Assignment Summary:

Below is the summary of the assignment -

R Libraries:

Load necessary libraries -

library(RCurl)
library(kableExtra)
library(stringr)
library(plyr)
library(XML)
library(jsonlite)
library(rvest)

1. Source Files (.html, .xml & .json) Creation :

Below are the steps to be followed to generate the final output -

  1. I created the following files by hand containing the details of my favourite Data Warehouse books:

1.1. books.html:

1.2. books.xml

1.3. books.json

2. Data import from Files :

  1. Import data into R:

2.1 HTML File:

#Reading in the HTML Code
htmlURL <- "http://htmlpreview.github.io/?https://github.com/soumya2g/R-CUNY-MSDS/blob/master/DATA-607/Data%20Import%20from%20XML%20%26%20JSON/Source%20Files/books.html"

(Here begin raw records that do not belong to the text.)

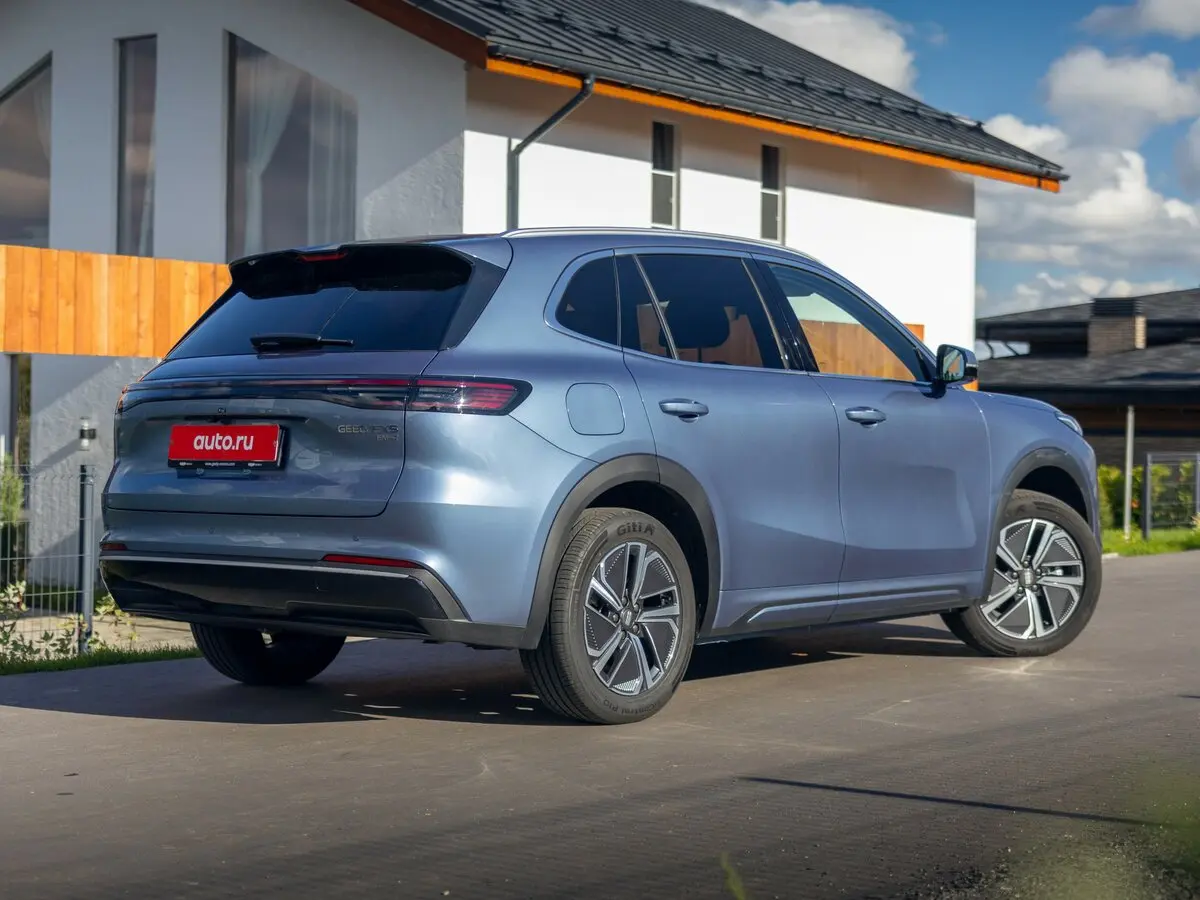 Geely EX5 Гибрид 2025 – н.в. Внедорожник 5 дв. — сүрөт 17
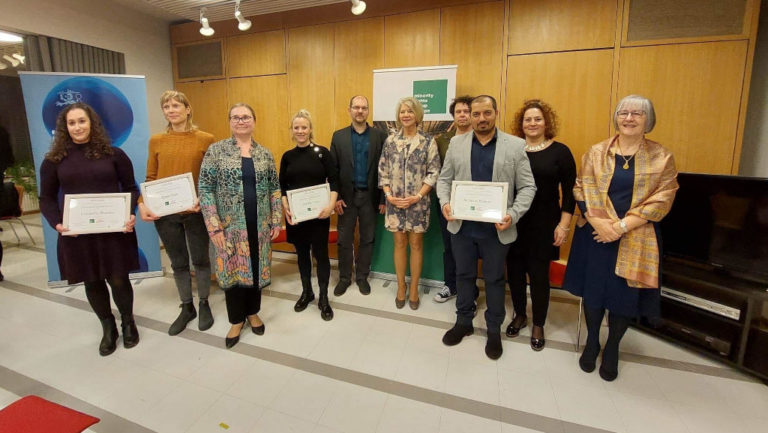 A Szabad Európa újságírója, Báthory Róbert nyerte a Minority Rights Group Europe által alapított, a Mérték Médiaelemző Műhellyel partnerségben meghirdetett, negyedszer átadott Fejlesztési Újságíró Díjat. Különdíjat kapott Pálos Máté (G7), Pintér Luca és Ajpek Orsolya (Telex), valamint Czömpöl Bianka (Nyugat).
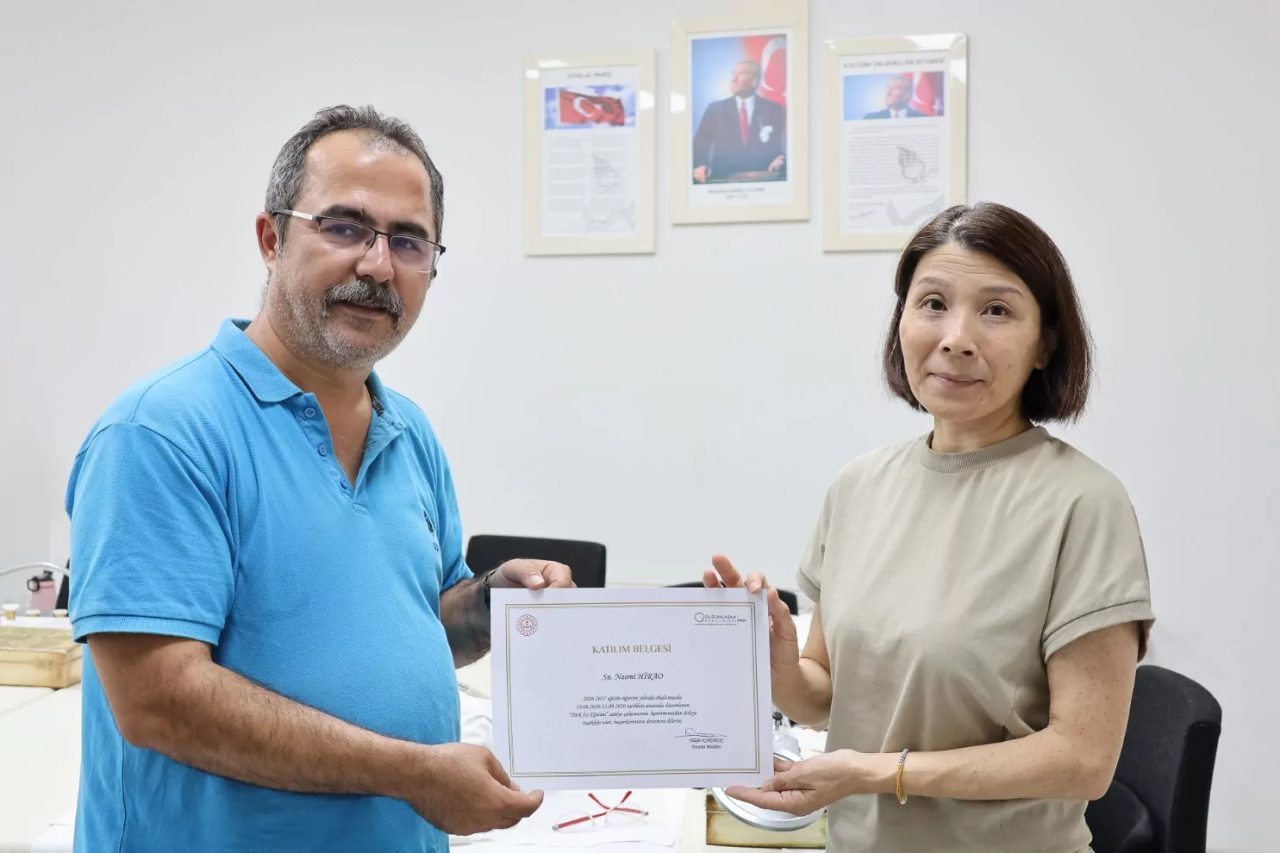Bursa Olgunlaşma Enstitüsü El Nakışları Sanat Evi (Yaşayan Müze), geleneksel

#Parsing the Code using htmlParse
parsedHTML <- htmlParse(file = htmlURL)
parsedHTML
## <!DOCTYPE html>
## <html>
## <head>
## <meta charset="utf-8">
## <title>GitHub &amp; BitBucket HTML Preview</title>
## <style>
##  body {
##      font: 12px 'Helvetica Neue', Helvetica, Arial, freesans, clean, sans-serif;
##      color: #333;
##  }
##  h1 {
##      font-size: 20px;
##  }
##  a {
##      color: #666;
##  }
##  form {
##      padding: 20px; 
##      text-align: center;
##  }
##  strong {
##      color: #333;
##      background-color: #FAFFA6;
##      padding: 0.1em;
##  }
##  #footer {
##      margin: 20px 0;
##      font-size: 10px;
##      color: #666;
##  }
##  </style>
## </head>
## <body>
##  <form id="previewform" action="">
##      <h1>GitHub &amp; BitBucket HTML Preview</h1>
##      <p>Enter URL of the HTML file to preview: <input type="url" id="file" value="" placeholder="e.g. https://github.com/user/repo/blob/master/index.html" size="60" autofocus><input type="submit" value="»"></p>
##      <p>or prepend to the URL: <strong>http://htmlpreview.github.io/?</strong>https://github.com/twbs/bootstrap/blob/gh-pages/2.3.2/index.html</p>
##      <p>or use this bookmarklet while browsing GitHub or BitBucket: <a href="javascript:void('http://htmlpreview.github.io/'==window.location?alert('Drag%20me%20to%20your%20bookmarks%20bar!'):window.location='http://htmlpreview.github.io/?'+window.location)"><strong>HTMLPreview</strong></a></p>
##      <p id="footer">Developed by <a href="https://github.com/niutech">niu tech</a> | Contribute on <a href="https://github.com/htmlpreview/htmlpreview.github.com">GitHub</a></p>
##  </form>
##  <script src="/htmlpreview.min.js"></script><script>HTMLPreview.init();</script>
## </body>
## </html>
## 

2.2 XML File:

#Reading in the XML Code

xmlData <- getURL('https://raw.githubusercontent.com/soumya2g/R-CUNY-MSDS/master/DATA-607/Data%20Import%20from%20XML%20%26%20JSON/Source%20Files/books.xml', ssl.verifyhost=FALSE, ssl.verifypeer=FALSE)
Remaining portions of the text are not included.